0-complexity / openvcloud

OpenvCloud
Other
2 stars 4 forks source link

Need to make this healtcheck [ volumedriver_check.py ] more smart incase a volumedriver actually is down #1348

Closed hossnys closed 6 years ago

hossnys commented 6 years ago

Detailed description

as per our discussion with ovs guys , Jo , and me we found next : qemu-img info of a volume should (and does) work from all volumedrivers not only the active one for the volume, because, when a volumedriver died and you try to connect to his ip:port the qemu info will fail because your command is not aware what the failover volumedrivers are located.

The edge client works as following:

Edge client connect to the volumedriver when the volumedriver becomes inactive or is down the edge client already knows where the other candidates are and will failover to another one.

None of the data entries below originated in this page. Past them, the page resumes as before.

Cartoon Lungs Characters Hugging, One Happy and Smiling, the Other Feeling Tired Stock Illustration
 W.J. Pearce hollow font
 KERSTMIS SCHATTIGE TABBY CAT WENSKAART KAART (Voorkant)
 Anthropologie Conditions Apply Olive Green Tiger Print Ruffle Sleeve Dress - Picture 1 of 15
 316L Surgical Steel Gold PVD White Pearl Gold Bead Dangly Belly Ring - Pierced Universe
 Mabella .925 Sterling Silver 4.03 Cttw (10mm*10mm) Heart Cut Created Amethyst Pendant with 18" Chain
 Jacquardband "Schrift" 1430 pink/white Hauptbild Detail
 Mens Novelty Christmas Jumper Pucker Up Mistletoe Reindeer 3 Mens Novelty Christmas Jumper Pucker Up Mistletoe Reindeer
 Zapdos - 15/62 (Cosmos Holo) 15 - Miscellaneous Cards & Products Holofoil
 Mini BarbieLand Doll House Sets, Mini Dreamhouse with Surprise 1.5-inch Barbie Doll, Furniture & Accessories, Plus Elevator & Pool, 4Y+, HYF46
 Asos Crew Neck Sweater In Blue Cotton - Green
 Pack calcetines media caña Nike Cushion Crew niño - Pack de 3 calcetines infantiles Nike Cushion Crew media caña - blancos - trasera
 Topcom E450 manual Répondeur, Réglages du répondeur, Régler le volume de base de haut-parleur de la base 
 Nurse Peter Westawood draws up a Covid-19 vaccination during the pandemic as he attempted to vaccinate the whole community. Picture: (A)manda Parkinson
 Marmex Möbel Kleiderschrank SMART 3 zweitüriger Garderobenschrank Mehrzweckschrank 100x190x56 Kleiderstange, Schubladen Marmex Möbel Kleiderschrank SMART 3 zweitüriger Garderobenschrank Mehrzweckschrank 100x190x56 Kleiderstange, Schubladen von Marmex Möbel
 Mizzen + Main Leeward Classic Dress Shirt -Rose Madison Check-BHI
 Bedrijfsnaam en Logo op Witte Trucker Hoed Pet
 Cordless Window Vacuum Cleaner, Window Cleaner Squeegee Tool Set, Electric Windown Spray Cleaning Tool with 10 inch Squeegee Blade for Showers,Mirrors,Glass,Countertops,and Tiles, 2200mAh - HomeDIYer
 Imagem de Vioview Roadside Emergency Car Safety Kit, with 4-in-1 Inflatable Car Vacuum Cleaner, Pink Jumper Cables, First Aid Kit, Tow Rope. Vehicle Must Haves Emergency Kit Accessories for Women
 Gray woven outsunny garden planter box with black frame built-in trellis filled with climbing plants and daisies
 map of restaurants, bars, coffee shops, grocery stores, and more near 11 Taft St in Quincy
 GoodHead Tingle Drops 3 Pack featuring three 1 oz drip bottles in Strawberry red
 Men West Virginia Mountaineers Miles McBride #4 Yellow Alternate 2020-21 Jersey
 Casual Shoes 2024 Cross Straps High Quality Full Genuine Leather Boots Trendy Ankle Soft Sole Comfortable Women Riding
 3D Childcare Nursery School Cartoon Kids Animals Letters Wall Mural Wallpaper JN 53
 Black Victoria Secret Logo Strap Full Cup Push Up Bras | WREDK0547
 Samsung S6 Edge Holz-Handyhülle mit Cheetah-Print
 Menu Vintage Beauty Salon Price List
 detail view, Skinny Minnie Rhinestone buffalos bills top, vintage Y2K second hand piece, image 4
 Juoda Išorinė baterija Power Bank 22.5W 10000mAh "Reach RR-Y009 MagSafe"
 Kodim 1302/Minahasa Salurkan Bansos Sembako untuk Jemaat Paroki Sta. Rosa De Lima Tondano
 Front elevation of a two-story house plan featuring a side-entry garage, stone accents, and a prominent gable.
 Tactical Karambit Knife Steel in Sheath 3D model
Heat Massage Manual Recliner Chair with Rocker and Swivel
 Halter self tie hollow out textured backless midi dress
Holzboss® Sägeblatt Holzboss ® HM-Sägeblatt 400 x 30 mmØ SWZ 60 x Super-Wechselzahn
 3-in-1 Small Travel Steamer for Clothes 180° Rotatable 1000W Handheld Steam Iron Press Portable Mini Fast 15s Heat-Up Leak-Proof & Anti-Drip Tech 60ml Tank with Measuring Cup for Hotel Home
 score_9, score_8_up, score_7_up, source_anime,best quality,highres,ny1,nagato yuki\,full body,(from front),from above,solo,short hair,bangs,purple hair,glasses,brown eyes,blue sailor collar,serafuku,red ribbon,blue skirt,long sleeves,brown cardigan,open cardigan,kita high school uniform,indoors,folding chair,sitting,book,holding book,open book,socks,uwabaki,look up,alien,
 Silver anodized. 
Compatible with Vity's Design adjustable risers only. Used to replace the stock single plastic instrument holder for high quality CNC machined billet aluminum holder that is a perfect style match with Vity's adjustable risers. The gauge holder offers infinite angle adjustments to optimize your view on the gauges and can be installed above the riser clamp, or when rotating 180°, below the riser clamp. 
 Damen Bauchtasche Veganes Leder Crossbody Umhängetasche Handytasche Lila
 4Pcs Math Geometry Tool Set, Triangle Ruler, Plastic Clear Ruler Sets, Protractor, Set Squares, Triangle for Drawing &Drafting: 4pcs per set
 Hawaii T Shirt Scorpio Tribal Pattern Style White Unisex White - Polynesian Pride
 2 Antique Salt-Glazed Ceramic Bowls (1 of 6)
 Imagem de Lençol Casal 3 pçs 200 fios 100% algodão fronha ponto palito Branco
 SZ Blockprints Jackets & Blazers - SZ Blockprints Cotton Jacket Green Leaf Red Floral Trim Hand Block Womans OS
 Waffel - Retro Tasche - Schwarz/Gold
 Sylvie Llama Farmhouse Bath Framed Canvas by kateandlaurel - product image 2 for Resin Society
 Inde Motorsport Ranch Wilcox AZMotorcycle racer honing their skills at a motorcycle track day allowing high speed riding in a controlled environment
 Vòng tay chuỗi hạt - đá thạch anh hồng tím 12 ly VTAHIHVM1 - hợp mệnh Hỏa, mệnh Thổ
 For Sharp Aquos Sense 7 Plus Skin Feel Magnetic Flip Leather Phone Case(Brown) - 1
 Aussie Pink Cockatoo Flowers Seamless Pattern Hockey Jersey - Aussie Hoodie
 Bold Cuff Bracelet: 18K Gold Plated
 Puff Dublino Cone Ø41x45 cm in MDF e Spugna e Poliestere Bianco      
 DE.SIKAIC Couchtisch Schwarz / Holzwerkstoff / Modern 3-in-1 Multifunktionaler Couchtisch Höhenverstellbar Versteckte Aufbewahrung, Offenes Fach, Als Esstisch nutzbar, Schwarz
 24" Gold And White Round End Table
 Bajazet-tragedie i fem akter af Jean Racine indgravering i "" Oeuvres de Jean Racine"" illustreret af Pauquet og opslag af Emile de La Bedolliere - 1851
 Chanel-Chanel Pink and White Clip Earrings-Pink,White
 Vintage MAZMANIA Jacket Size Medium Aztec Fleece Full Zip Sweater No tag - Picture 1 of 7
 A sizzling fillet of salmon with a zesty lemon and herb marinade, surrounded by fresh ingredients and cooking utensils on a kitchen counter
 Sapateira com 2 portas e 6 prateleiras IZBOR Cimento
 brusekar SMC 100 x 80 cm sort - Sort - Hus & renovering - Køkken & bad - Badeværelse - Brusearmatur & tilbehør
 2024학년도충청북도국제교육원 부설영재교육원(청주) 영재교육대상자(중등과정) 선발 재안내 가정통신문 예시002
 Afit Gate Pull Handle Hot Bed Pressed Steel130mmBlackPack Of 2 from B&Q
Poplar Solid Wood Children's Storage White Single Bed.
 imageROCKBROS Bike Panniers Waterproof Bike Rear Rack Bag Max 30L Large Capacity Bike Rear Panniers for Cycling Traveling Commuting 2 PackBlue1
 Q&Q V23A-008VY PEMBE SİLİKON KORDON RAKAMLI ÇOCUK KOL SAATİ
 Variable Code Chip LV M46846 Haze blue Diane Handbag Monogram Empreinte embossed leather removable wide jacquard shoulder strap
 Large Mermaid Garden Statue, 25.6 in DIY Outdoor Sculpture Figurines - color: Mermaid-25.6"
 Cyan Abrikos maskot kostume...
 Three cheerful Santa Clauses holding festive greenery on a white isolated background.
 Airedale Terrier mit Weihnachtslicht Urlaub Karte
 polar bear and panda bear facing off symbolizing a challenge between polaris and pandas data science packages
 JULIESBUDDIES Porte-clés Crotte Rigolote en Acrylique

A new connection to the volumedriver that is down doesn't have this information. He is not able to failover because he never received the extra information of the other nodes.

Relevant stacktraces

here in the file attached stacktrace.txt

Installation information

JumpScale

Core: branch: production (8a77511) 1/23/2018, 3:15:23 PM
Portal: branch: production (ada4a21) 1/30/2018, 7:44:31 PM

OpenvCloud

Core: branch: production (a5c4eee) 2/14/2018, 1:32:38 PM
G8VDC: branch: production (989668b) 12/27/2017, 4:19:04 PM
Selfhealing: branch: production (3bc2f9b) 2/7/2018, 1:58:11 PM
alichaddad commented 6 years ago

Listing of disks in the script needs to be more efficient, no need to list unused/deleted disks.